Output only the lines below from the one containing "2024 MCCLOSKEY R155" to the one containing "The renowned orders", exactly as written, both ends kept.

:: Provided entries ::

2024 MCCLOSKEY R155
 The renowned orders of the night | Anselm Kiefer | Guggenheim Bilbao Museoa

:::
:: Provided entries ::

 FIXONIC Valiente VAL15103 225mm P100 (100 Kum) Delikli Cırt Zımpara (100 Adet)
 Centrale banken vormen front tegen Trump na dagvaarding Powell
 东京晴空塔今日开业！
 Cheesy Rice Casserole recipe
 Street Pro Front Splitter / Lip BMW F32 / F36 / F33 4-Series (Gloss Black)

:::
:: Provided entries ::

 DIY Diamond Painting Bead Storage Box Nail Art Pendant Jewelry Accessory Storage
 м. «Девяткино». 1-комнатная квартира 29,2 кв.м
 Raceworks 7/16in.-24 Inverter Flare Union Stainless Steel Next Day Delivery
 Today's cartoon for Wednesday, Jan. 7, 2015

:::

## Answer area
2024 MCCLOSKEY R155
 The renowned orders of the night | Anselm Kiefer | Guggenheim Bilbao Museoa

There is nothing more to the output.